The Data Privacy Vocabulary is a W3C Community Group specification that provides a structured, machine-readable way to describe personal data processing activities, privacy policies, and regulatory compliance. Born from the need to operationalize the European Union's General Data Protection Regulation (GDPR) and similar privacy laws, DPV has grown into a comprehensive ontology covering data protection concepts across more than 40 jurisdictions.
Background
DPV originated in 2019 as part of the SPECIAL H2020 Project, which received funding from the European Union's Horizon 2020 research and innovation programme. The W3C Data Privacy Vocabularies and Controls Community Group (DPVCG) was established to develop and maintain the vocabulary collaboratively. The initial publication, "Creating a Vocabulary for Data Privacy," laid out the foundational design principles. Since then, the vocabulary has undergone continuous development, reaching version 2.0 in 2024 with a major expansion of coverage, and version 2.3 in February 2026. Continued development is funded through the RECITALS project under the EU Horizon programme.
Purpose & Scope
DPV is designed for organizations, developers, regulators, and researchers who need to represent privacy and data protection information in a structured format. It covers:
- Purposes of processing -- why personal data is being collected and used
- Legal bases -- the lawful grounds for processing (consent, legitimate interest, etc.)

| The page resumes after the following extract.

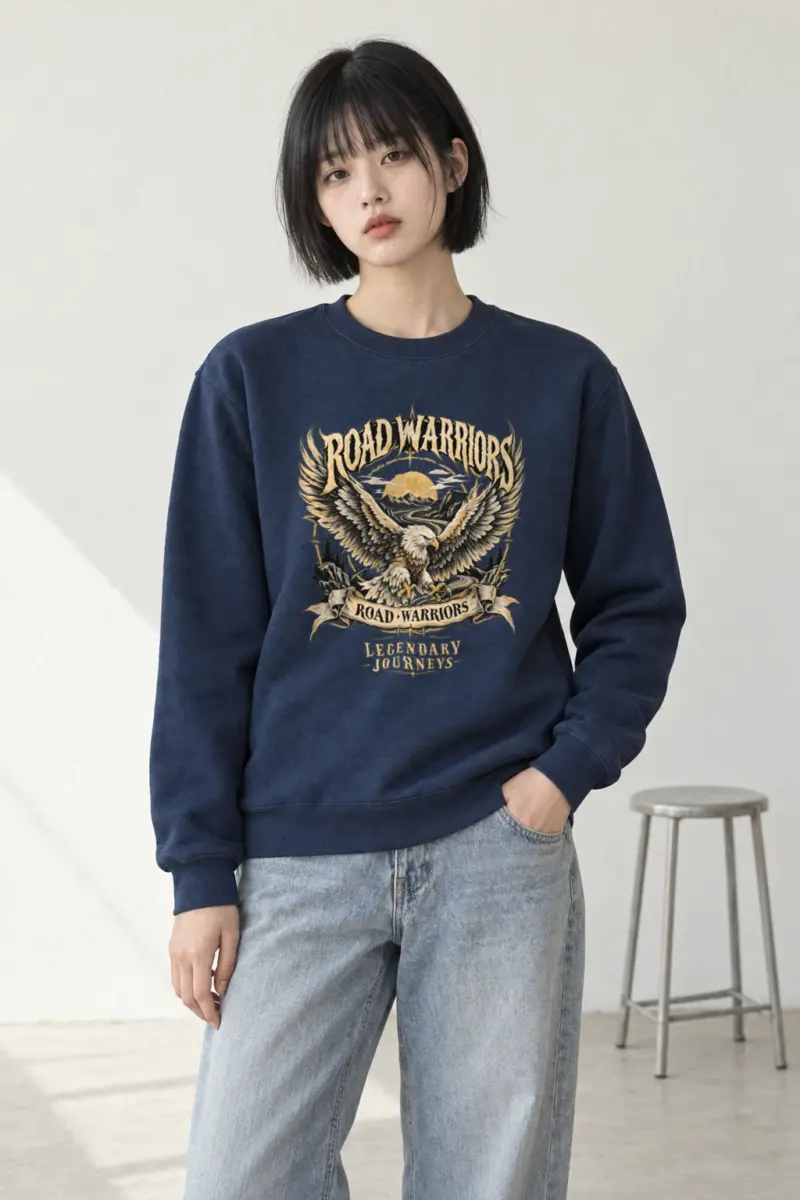 "Road Warriors" Heavy Blend Unisex Crewneck Sweatshirt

- Personal data categories -- types of data being processed
- Technical and organizational measures -- safeguards applied to data
- Data subjects and their rights -- who is affected and what rights apply
- Risks and impacts -- assessment of processing risks
The vocabulary is intentionally modular. The core DPV provides general-purpose concepts, while extensions address specific domains and regulations.
Key Extensions
| Extension | Purpose |
|---|---|
| PD | Personal Data categories |
| LOC | Locations and jurisdictions |
| TECH | Technologies used in processing |
| AI | AI-specific technologies and concepts |
| JUST | Justifications for processing |
| RISK | Risk assessment and management |
| SECTOR | Sector-specific concepts (education, finance, health, etc.) |
| LEGAL | Jurisdiction-specific legal frameworks (EU, India, US, etc.) |
The legal extensions are particularly notable, providing detailed mappings for the GDPR, the EU Data Governance Act (DGA), the EU AI Act, the European Health Data Space (EHDS), and the Charter of Fundamental Rights.
Serializations & Technical Formats
DPV is expressed using RDFS and SKOS semantics by default, with an OWL2 profile available for applications requiring formal reasoning. The namespace URI is https://w3id.org/dpv#, and all persistent identifiers use the w3id.org redirect service. Serializations are available in RDF/XML, Turtle, and JSON-LD.
Governance & Maintenance
The vocabulary is maintained by the W3C DPVCG, an open community group. Participation is open to anyone through the W3C community group process. Development happens publicly on GitHub, with regular meetings documented through published minutes. The contribution guide and use-cases repository help new participants understand the project's direction. The vocabulary follows semantic versioning, with the latest release (v2.3) published in February 2026.
All work is released under the W3C Software and Document License (2023 version).
Notable Implementations
DPV is used in privacy compliance tooling, consent management platforms, and regulatory technology (RegTech) applications. It has been adopted for documenting GDPR compliance, particularly for Data Protection Impact Assessments (DPIAs) and Records of Processing Activities (ROPAs). The guide on implementing ISO/IEC 27560:2023 Consent Records and Receipts demonstrates its applicability to international standards beyond EU regulations.
Related Standards
DPV intersects with several other standards in the privacy and semantic web space. It is designed to work alongside general-purpose ontologies like Schema.org and Dublin Core for resource description, while providing the specialized privacy vocabulary those standards lack.